▶ [Entries shown]:
--- START ---

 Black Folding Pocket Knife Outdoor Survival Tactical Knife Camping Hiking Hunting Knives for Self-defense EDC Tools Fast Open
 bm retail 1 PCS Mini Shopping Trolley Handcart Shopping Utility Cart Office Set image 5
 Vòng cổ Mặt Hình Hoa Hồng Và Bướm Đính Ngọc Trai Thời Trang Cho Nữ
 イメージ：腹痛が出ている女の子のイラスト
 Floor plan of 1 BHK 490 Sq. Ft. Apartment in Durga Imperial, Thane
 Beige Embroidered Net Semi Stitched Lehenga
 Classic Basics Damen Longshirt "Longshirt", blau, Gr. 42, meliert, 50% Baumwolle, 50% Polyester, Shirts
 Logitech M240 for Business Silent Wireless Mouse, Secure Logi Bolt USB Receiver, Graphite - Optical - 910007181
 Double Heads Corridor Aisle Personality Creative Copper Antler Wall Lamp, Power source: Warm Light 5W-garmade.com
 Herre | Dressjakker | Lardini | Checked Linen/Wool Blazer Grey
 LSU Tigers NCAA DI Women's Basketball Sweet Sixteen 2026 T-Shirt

--- END ---

▶ [What is being asked]: Up to and including the line that contains "Beige Embroidered Net Semi Stitched Lehenga", restate word for word every line of the entries, starting from the first.

▶ [Task result]:
 Black Folding Pocket Knife Outdoor Survival Tactical Knife Camping Hiking Hunting Knives for Self-defense EDC Tools Fast Open
 bm retail 1 PCS Mini Shopping Trolley Handcart Shopping Utility Cart Office Set image 5
 Vòng cổ Mặt Hình Hoa Hồng Và Bướm Đính Ngọc Trai Thời Trang Cho Nữ
 イメージ：腹痛が出ている女の子のイラスト
 Floor plan of 1 BHK 490 Sq. Ft. Apartment in Durga Imperial, Thane
 Beige Embroidered Net Semi Stitched Lehenga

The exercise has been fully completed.